Consistent with SEC regulations, shareholders may submit
proposals appropriate for shareholder action at the
Company's Annual Meeting to be held in 1997. For proposals
to be considered for inclusion in the 1997 Proxy Statement,
they must be received by the Company no later than
November 1, 1996.  Shareholder proposals should be
directed to Centurion Mines Corporation, Attn: Corporate
Secretary, 331 South Rio Grande Street, Suite 201, Salt
Lake City, Utah 84101.

     A COPY OF THE COMPANY'S 1995 SHAREHOLDERS ANNUAL
     REPORT IS ENCLOSED. ADDITIONAL COPIES ARE AVAILABLE
     UPON WRITTEN REQUEST. THE COMPANY ALSO UNDERTAKES
     TO PROMPTLY FURNISH (WITHOUT CHARGE) A COPY OF ITS
     ANNUAL REPORT ON FORM 10-K FOR THE FISCAL YEAR ENDED
     SEPTEMBER 30, 1995, PREVIOUSLY FILED WITH THE
     SECURITIES AND EXCHANGE COMMISSION.

BY ORDER OF THE BOARD OF DIRECTORS:


              /s/ Spenst Hansen               
By: ___________________________________________________
     Spenst Hansen, Chairman of the Board of Directors,
     President and Chief Executive Officer of 
     Centurion Mines Corporation

           [END OF PROXY STATEMENT]


               SUMMARY OF THE 
          CENTURION MINES CORPORATION
     1991 STOCK OPTION AND STOCK AWARD PLAN
          AS LAST AMENDED, APRIL 19, 1995

SPECIFICALLY DESIGNATED PORTIONS OF THE ORIGINAL PLAN,
IN ITS ENTIRETY, CONSTITUTE PART OF THIS PROSPECTUS
COVERING SECURITIES THAT HAVE BEEN REGISTERED UNDER
THE SECURITIES ACT OF 1933.

1.  GENERAL INFORMATION.  The 1991 Stock Option and
Stock Award Plan of Centurion Mines Corporation, as
amended (the 'Plan'), under which stock, options to
acquire stock, and/or stock appreciation rights may
be granted from time to time to directors and employees,
including officers,  of the Company, or others who
contribute to the success of the Company, all on the
terms and conditions set forth therein, was approved by
the Company's Board of Directors on February 21, 1991,
and by its Shareholders on April 19, 1991. The First
Amendment to the Plan was approved by the Company's
Board of Directors on May 27, 1993, and by its
Shareholders on May 27, 1993.  The Second Amendment
to the Plan was approved by the Company's Board of
Directors on February 22, 1995 and by its Shareholders
on April 19, 1995.

2.  PURPOSE OF THE PLAN.  The Plan is intended to aid
the Company in maintaining and developing a management
team, attracting qualified employees and directors
capable of assuring the future success of the Company,
and rewarding those individuals who have contributed to
the success of the Company.  It is designed to aid the
Company in retaining the services of executives and
employees, attracting new personnel when needed for
future operations and growth, and providing such
personnel with an incentive to remain employees and/or
directors of the Company.  The Plan encourages them to
use their best efforts to promote the success of the
Company's business, while at the same time provides them
with an opportunity to obtain or increase a proprietary
interest in the Company.  It is also designed to permit
the Company to reward those individuals who are not
employees or directors of the Company but who are
perceived by management as having contributed to the
success of the Company or who are important to the
continued business and ongoing operations of the Company.
The above aims will be effectuated through the granting
of shares of common stock of the Company, par value $.01
per share (the 'Stock'), options to purchase Stock on a
favorable basis ('Options'), and/or stock appreciation
rights ('SARs') and other rights subject to the terms
and conditions of the Plan.  It is intended that the
Options issued pursuant to the Plan include, where
designated as such at the time of grant, Options which
qualify as 'incentive stock options,' as that term is
defined in Section 422A of the Internal Revenue Code of
1986, or any amendment or successor provision of like
tenor ('Incentive Options').

The following is a summary of certain provisions of the
Plan.
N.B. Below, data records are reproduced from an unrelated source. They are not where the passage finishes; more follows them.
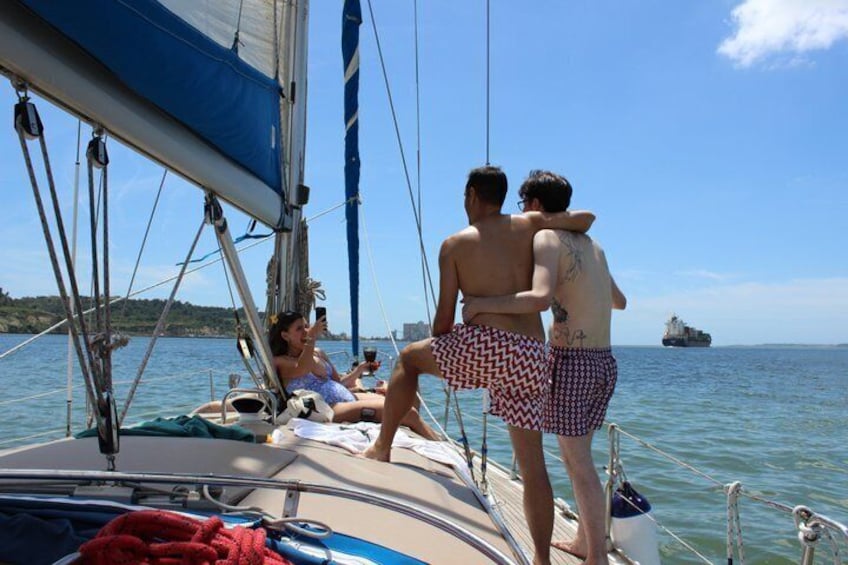 New: Lisbon 4h Private Boat Tour 4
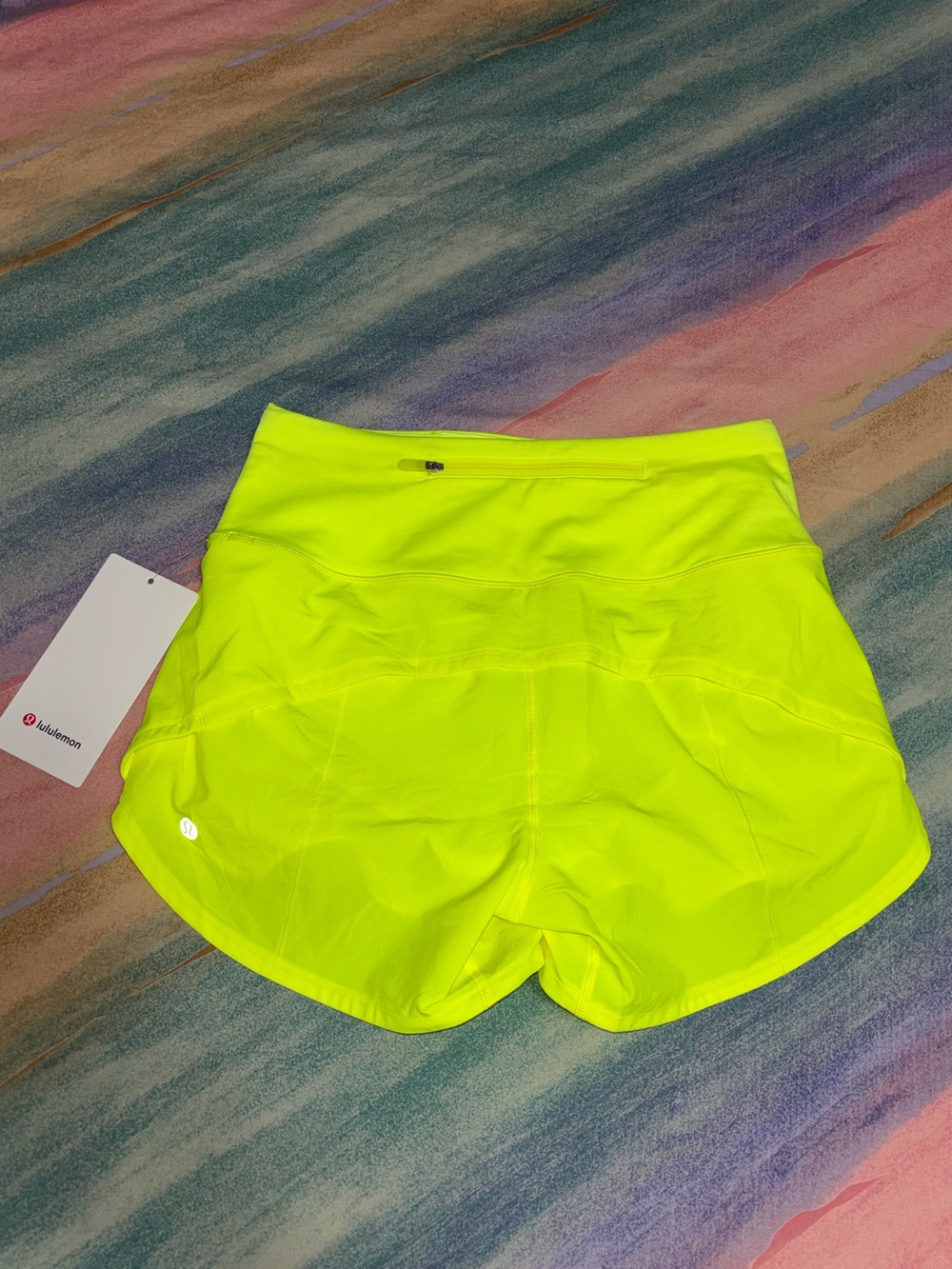 Lululemon Speed Up High-Rise Lined Short 4"
Highlight Yellow size 4 NWT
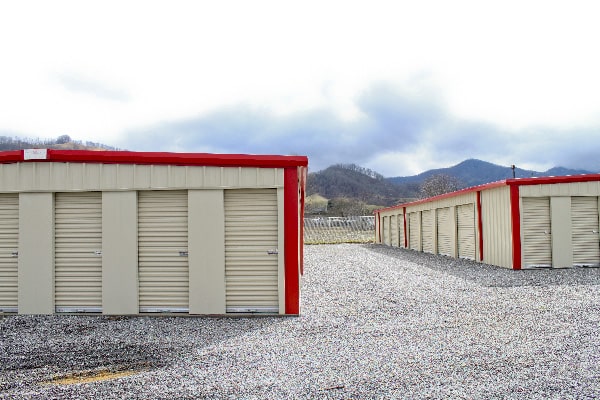 waynesville storage units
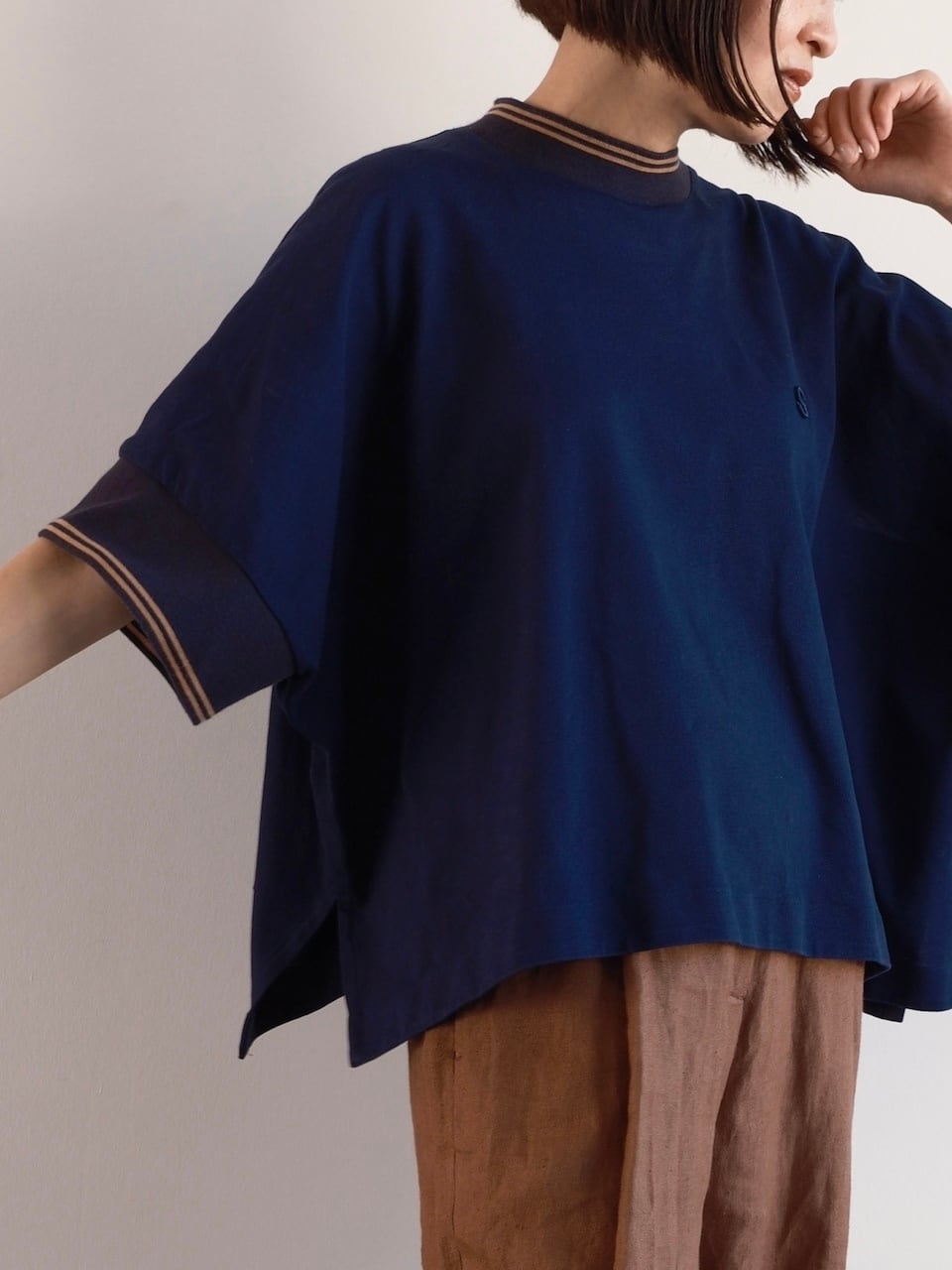 sacai OVERSIZED TOP WITH BACK SHEER PANEL LINE | dear closet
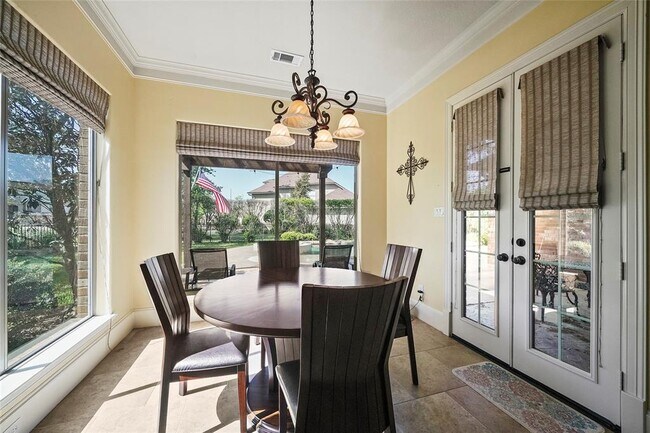 Building Photo - 25207 Hideaway Run Dr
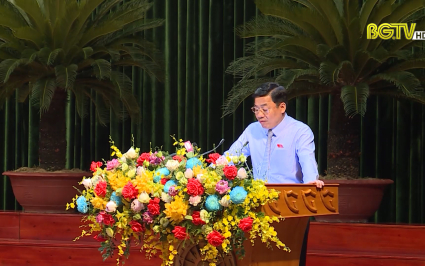Th&aacute;o gỡ mọi r&agrave;o cản, vướng mắc, tận dụng tối đa mọi cơ hội để ph&aacute;t triển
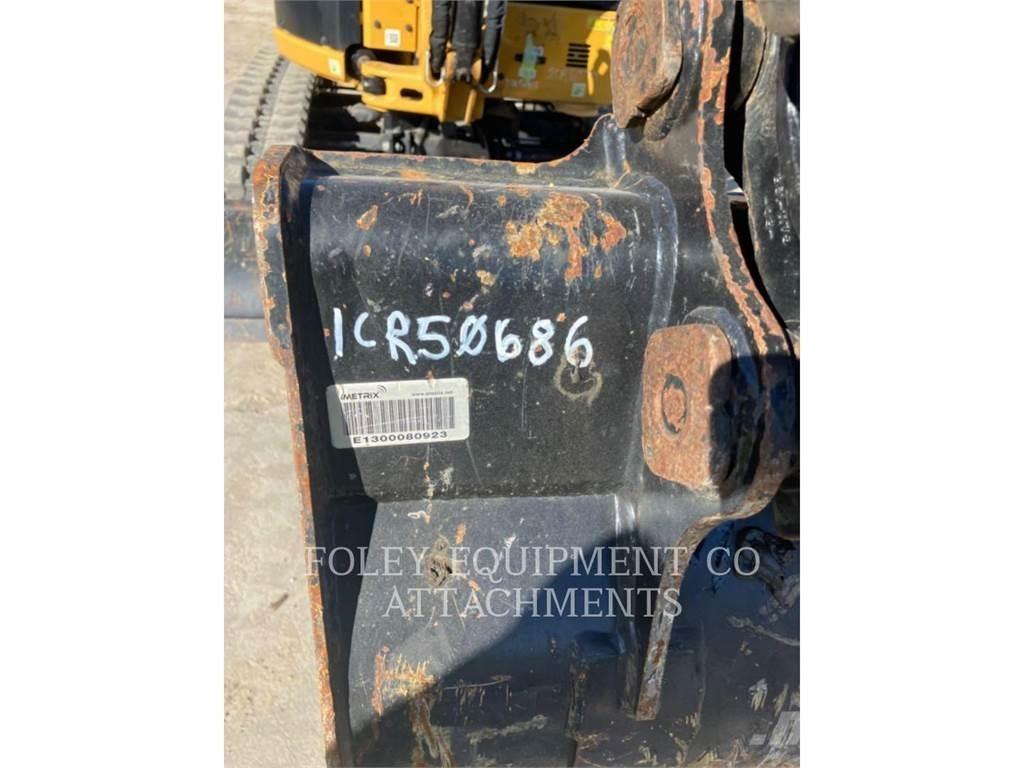 CAT BK302P24 Paletli ekskavatörler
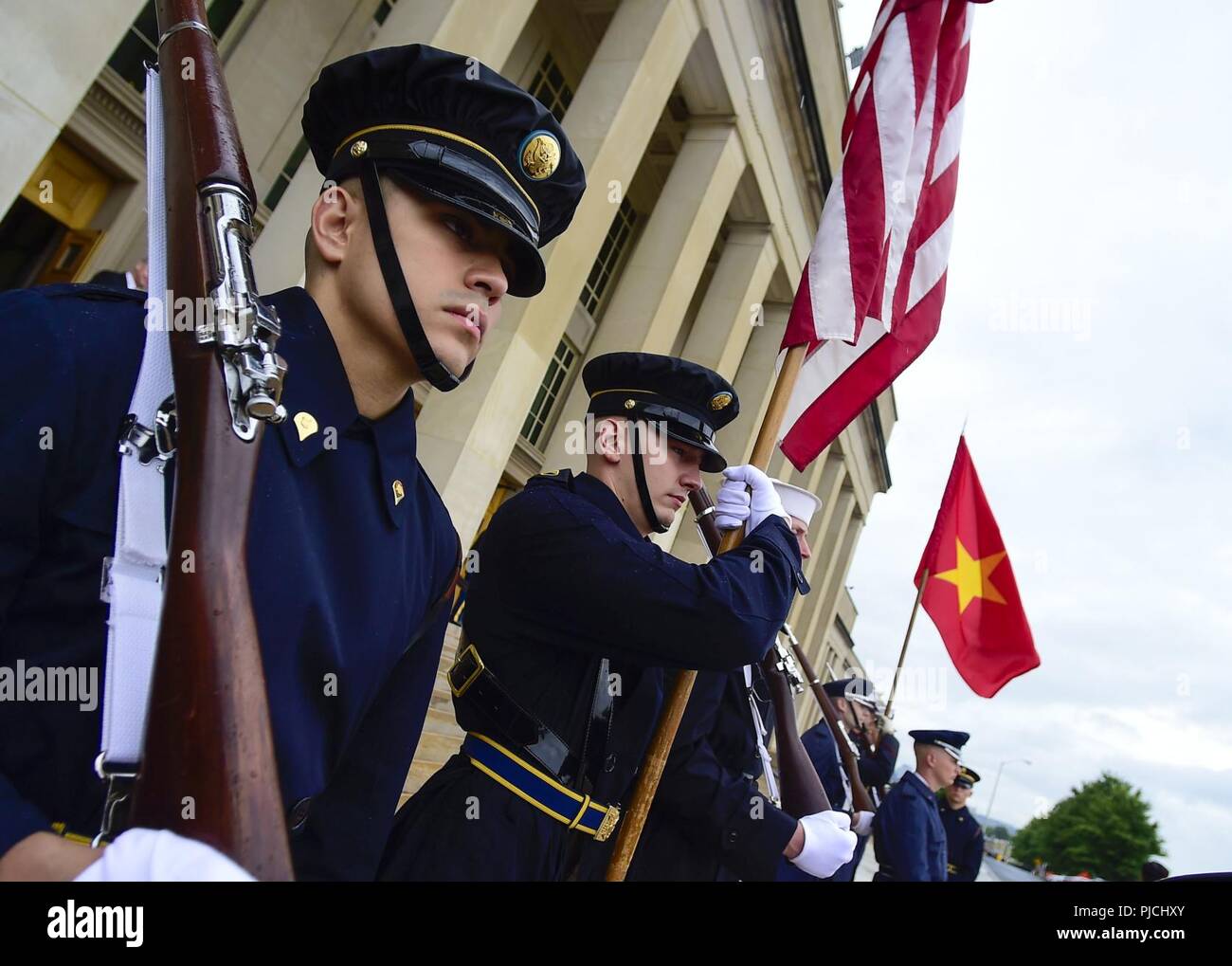 Us-stellvertretender Verteidigungsminister Patrick M. Shanahan erfüllt mit vietnamesischen Allgemeine tun Ba Ty, Vice Chairman der Vietnam National Assembly in das Pentagon in Washington, D.C., 23. Juli 2018. Stockfoto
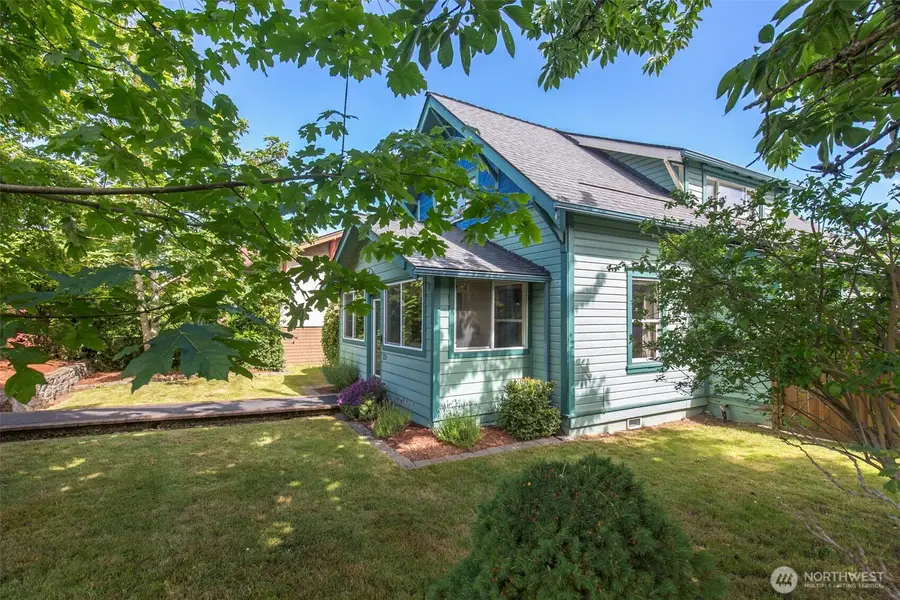 221 W 15th Street, Port Angeles, WA 98362 - #3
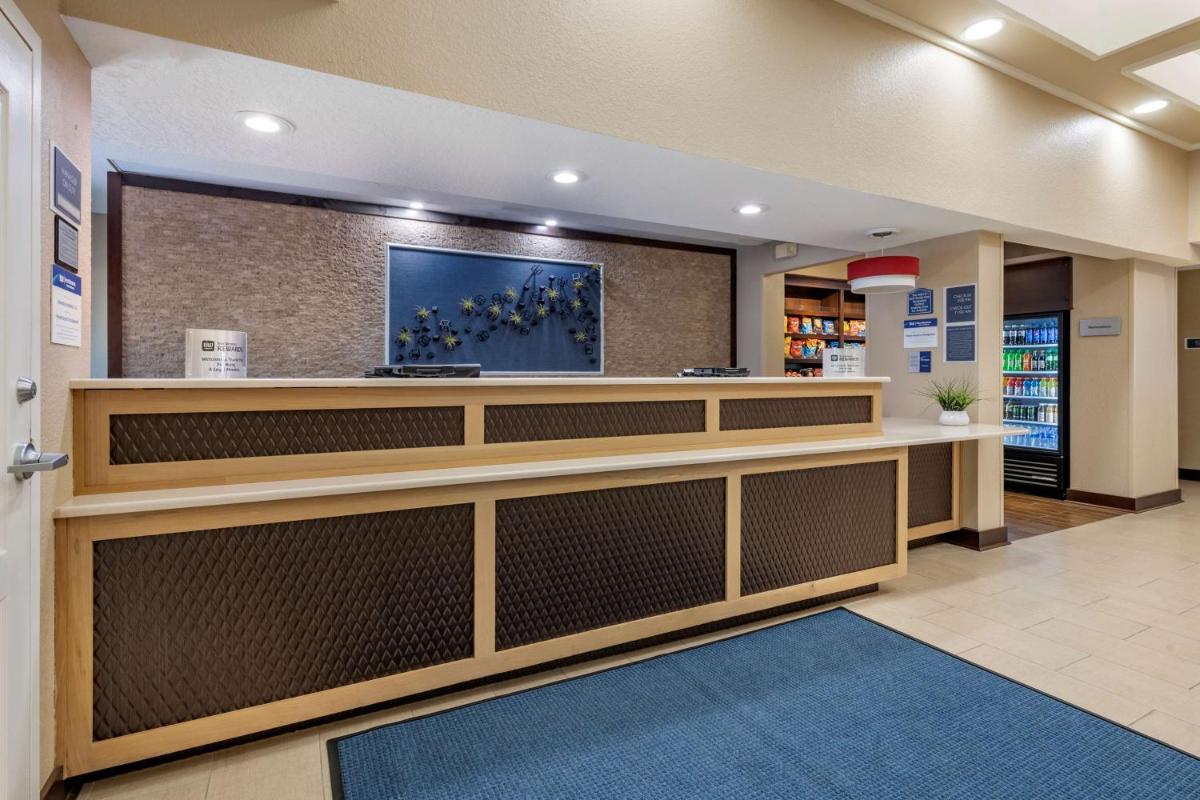 Comfort Suites UCF/Research Park - image 6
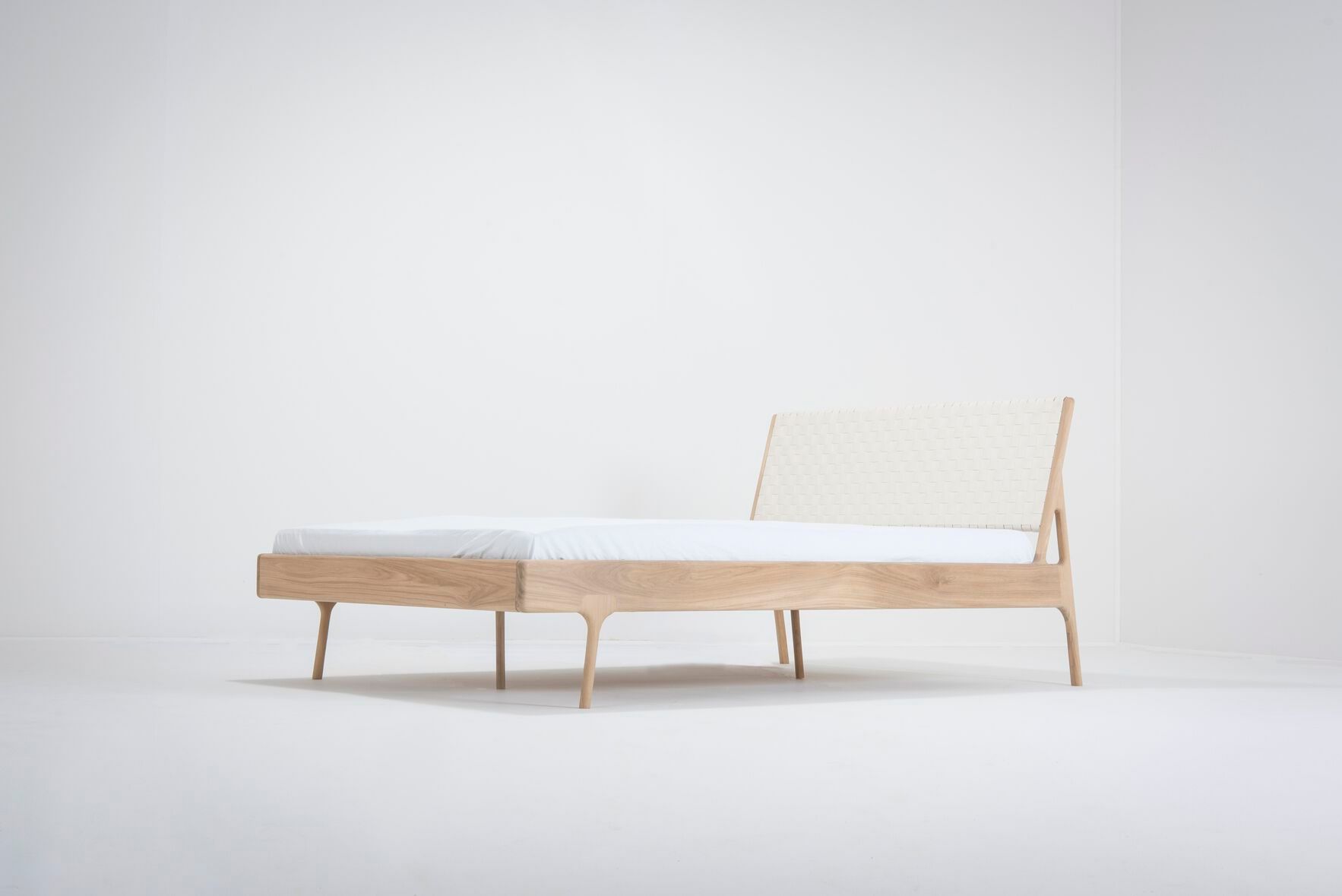 Дубовая двуспальная кровать Gazzda Fawn ARCH-00085993 - Вид №20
This summary does not purport to be complete and
is qualified in its entirety by reference to the Plan.
An initial registration statement was filed with the
Securities and Exchange Commission ('SEC') covering
the initial authorization of 500,000 shares of Stock
which may be issued pursuant to awards granted under
the Plan.  Second and third Registration Statements
have been filed with the SEC pertaining to the two
Amendments, each of which authorized an additional
500,000 shares of Stock which may be issued under the
Plan as amended.  A copy of the Plan has been filed as
an exhibit to the registration statements and will be
made available to each person who holds an Award of
shares and/or Options under the Plan.  The Plan is not
subject to any of the provisions of the Employee
Retirement Income Security Act of 1974 or related
provisions.

3.  ADMINISTRATION OF THE PLAN.  The Plan shall be
administered by, or in accordance with the recommendation
of, the Board, an option committee appointed by the Board,
or by any other such committee designated by the Board. 
Such administrative committee ('Committee') shall consist
of not less than three persons.  During such time as the
Company is subject to the requirements of Section 12(g)
of the Exchange Act, the Plan shall be administered with
respect to officers and directors of the Company by
'disinterested persons,' as that term is defined in
SEC Rule 16b-3(e)(2)(i), promulgated under the Exchange
Act, or any amendment or successor provision of similar
tenor ('Disinterested Person').  The Board may remove or
add members to the Committee and the Board or the remaining
members of the Committee shall fill any vacancies that
occur.  Any director or officer of the Company may from
time to time make recommendations to the Board or Committee
with respect to individuals to be considered for an award
under the Plan as well as the nature and amount of such
award.  Subject to compliance with applicable provisions
of governing law, the Board or Committee may delegate
administrative duties with respect to the Plan, including
the authority to consider and approve awards on such terms
and to such individuals as they deem proper.  All awards
shall be approved by a majority vote of those members of
the Board or Committee, as the case may be, in attendance
at a meeting at which a quorum is present.  However, an
award to a member of the Board or Committee shall be
approved by a majority vote of the members of the Board
or Committee who are Disinterested Persons.
                       -1-

The interpretation and construction of the terms of the
Plan or any award under the Plan by the Committee or the
Board shall be final and binding on all participants in
the Plan absent a showing of demonstrable error.  No member
of the Board or any Committee shall be liable for any
action taken or determination made in good faith with
respect to the Plan or any award.

4.  SHARES OF STOCK SUBJECT TO THE PLAN.  A total of
1,500,000 shares of Stock may be subject to or issued
under awards granted pursuant to the terms of the Plan.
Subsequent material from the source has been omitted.